Our view of eternity can be so terribly dull compared to what God has revealed about it. The new earth alone will be amazing beyond anything we can comprehend. Although we do not know everything of what our eternal existence will be like, what we do know is far more than enough for us to cease making “a nothing of eternity and an eternity of nothing” as Pascal urged us to do.

The grandeur of what lies ahead will be so much greater than anything we can ever conceive. We will forever have kingdom responsibilities perfectly tailored for us. We will not feel one second of boredom or frustration in eternity. The newness of eternity will never cease.

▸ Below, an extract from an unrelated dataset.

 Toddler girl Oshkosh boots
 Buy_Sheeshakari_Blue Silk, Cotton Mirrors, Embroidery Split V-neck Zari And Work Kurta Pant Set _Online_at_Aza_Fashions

As our realization of the wonders of eternity and the new earth grows, our tendency to search for our “golden moment” in this life fades. It’s not that we quench our desires; it’s just that as John Eldredge stated in the above quote, our timing is all wrong. Everything we long for in our hearts is coming, but it’s in eternity rather than this life. Our hope as believers rests in the future Jesus is preparing for us.

Can you see what a powerful influence a focus on our eternal home can have on our daily lives?

This does not at all imply that we ignore this life and not enjoy what the Lord provides for us here. It’s just that we recognize our inner longings for unending joy and realize that such feelings point to eternity.

Can you see what a powerful influence a focus on our eternal home can have on our daily lives? If we know Christ as our Savior, this is our future. We will spend eternity in the most beautiful city imaginable with access to all the beauty of the new earth.

This is why Paul Lundgren could rejoice. He knew his paralysis was temporary; he looked forward to forever when he would walk again. Is this not our hope as well? We all look forward to a time when the heartaches and physical infirmities of this life will be at an end and we will forevermore be with our Savior.

[i] Paul Lundgren was a Christian singer from around 1970 with no relation to current singers with the same name. I heard him sing in Rockford, Illinois. He was not a widely known singer but sang in churches at least throughout northern Illinois at the time.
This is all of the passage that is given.